11. A system for forming a nanoscale structure in a solution comprising:

a chamber suitable for nanoparticle metallization of a polymer positioned to receive one or more photons from an optical system comprising an imaging mechanism interfaced with a multiphoton excitation laser, wherein the one or more photons crosslink the one or more polymers and one or more photosensitizers in the chamber prior to the nanoparticle metallization.

12. The system of claim 11, further comprising one or more detectors positioned relative to the chamber to record spectroscopic characteristics, optical characteristics, electrochemistry characteristics or a combination thereof.

13. An electrical conductive nanoscale architectural matrix comprising:

one or more metal nanoparticles bound to an architectural matrix comprising a multi-photon beam induced crosslink between one or more polymers and one or more photosensitizers.

14. The device of claim 13, one or more polymers are made from monomers comprising one or more photopolymerizable organic monomers, photopolymerizable inorganic monomers, cross-linkers, monomers having at least one olefinic bond, oligomers having at least one olefinic bond, polymers having at least one olefinic bond, olefins, halogenated olefins, acrylates, methacrylates, acrylamides, bisacrylamides, styrenes, epoxides, cyclohexeneoxide, amino acids, peptides, proteins, fatty acids, lipids, nucleotides, oligonucleotides, synthetic nucleotide analogues, nucleic acids, sugars, carbohydrates, cytokines and combinations or mixtures thereof.

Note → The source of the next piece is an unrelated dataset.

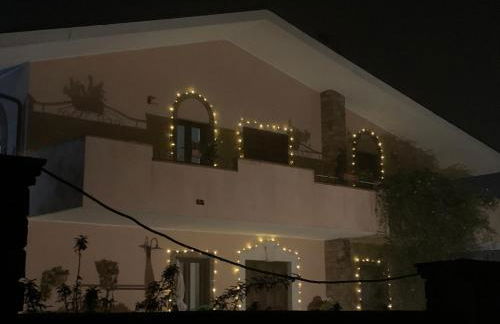 Villa Anna! - Foto 58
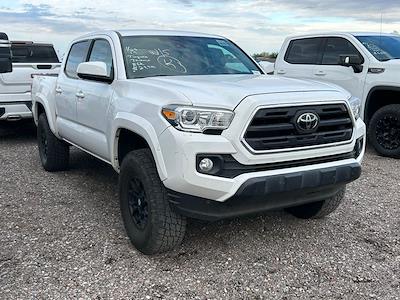 Used 2019 Toyota Tacoma - photo 1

15. The device of claim 13, wherein the one or more polymers comprises cytochrome c, cytochrome c oxidase, cytochrome c peroxidase, horseradish peroxidase, fibrinogen, trimethylolpropane triacrylate, avidin, bovine serum albumin, and the heme proteins, myoglobin or combinations and mixtures thereof.

16. The device of claim 13, wherein the one or more photosensitizers comprise flavin adenine dinucleotide, heme proteins, cytochrome c, methylene blue or combinations and mixtures thereof.

17. The device of claim 13, wherein the nanoscale architectural matrix is in integral contact with a support surface, extends as freestanding structures through a solution or a combination thereof.

18. The device of claim 13, wherein the one or more nanoparticles comprise one or more bound proteins.

19. The device of claim 13, wherein the metal nanoparticles comprises pure metals, semiconductor, metal oxides and combinations and mixtures thereof.

20. The metallized nanostructure made by the method of claim 1.

21. The method of claim 1, wherein the one or more metal nanoparticles is coated with one or more agents that promote binding.

22. The method of claim 1, further comprising one or more agents coated on at least a portion of the one or more metal nanoparticles to promote binding or one or more compositions to the one or more metal nanoparticles.